Por Guilherme Henrique Pereira*
O que acontece na economia e na política de um país em determinado momento histórico não pode ser compreendido olhando apenas para os fatos ou decisões recentes. Há poucos meses as notícias estavam dominadas pelo processo do impedimento (ou do golpe) e agora estamos discutindo os muitos problemas que nos impõe o governo instalado, as mudanças profundas na condução da política econômica, bem como as consequências de se tornar explícito o método de governar: primeiro o meu e de meus apoiadores.
Surpresas diárias e banalização do cargo público, via nomeados sem a devida condição moral para o exercício da autoridade, compõem o cenário atual, fortemente marcado pelo tema da corrupção.
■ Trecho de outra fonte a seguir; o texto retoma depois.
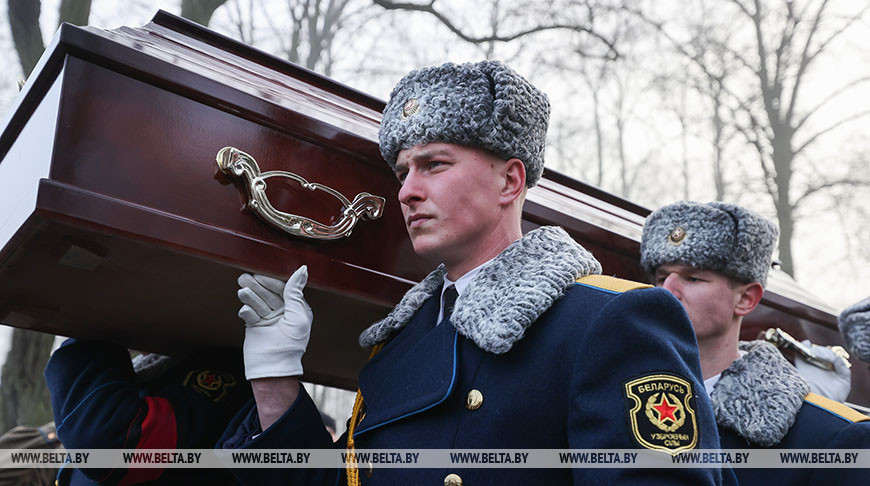 Останки погибшего в 1941 году под Кобрином летчика захоронят на его родине в России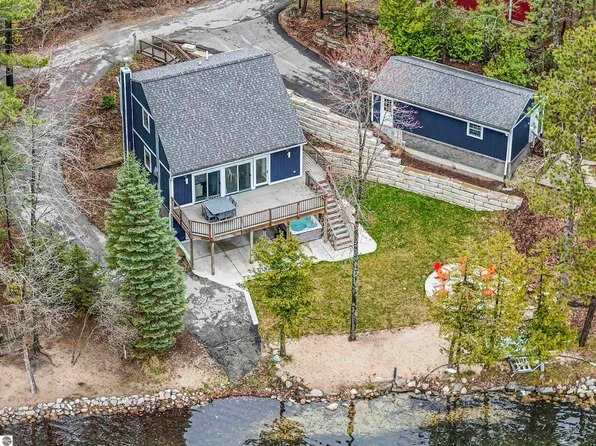 4594 N Spider Lake Rd, Traverse City, MI 49696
Aliás, esse tema sempre volta a cena política, e isso acontece quando se tem um inimigo político para ser derrubado. A corrupção não tem amigos ou simpatizantes, todos querem um governo limpo, daí ninguém defenderá um governo que se envolveu em falcatruas. Logo, para derrubar o inimigo político esse é sempre o discurso, basta convencer aos eleitores que a corrupção está operando solta.
Foi exatamente o que aconteceu em 2016. Qual a diferença? O Governo foi trocado e agora são os novos Ministros os denunciados. Em outros casos, como o Collor, uma vez cumprida a sua funcionalidade a corrupção sai de cena, volta aos bastidores. Será que perderam o controle? Ocorrerá um tiro no pé? Continuará o processo de denúncias e queda de Ministros até que se inicie um novo Governo?
Tudo indica que a corrupção é uma endemia incorporada a nossa formação histórica. De existência permanente que só mostra sua cara quando a minoria governante se divide por qualquer motivo e quebra o pacto de governança. Nessa hora, o povo é chamado para participar da briga e o tema da mobilização aparece. Trocado o adversário político, reconcilia-se por cima e sem o povo. As votações obtidas tanto no processo do impedimento quanto na PEC do congelamento dos serviços públicos, parecem apontar que já temos um nova conciliação.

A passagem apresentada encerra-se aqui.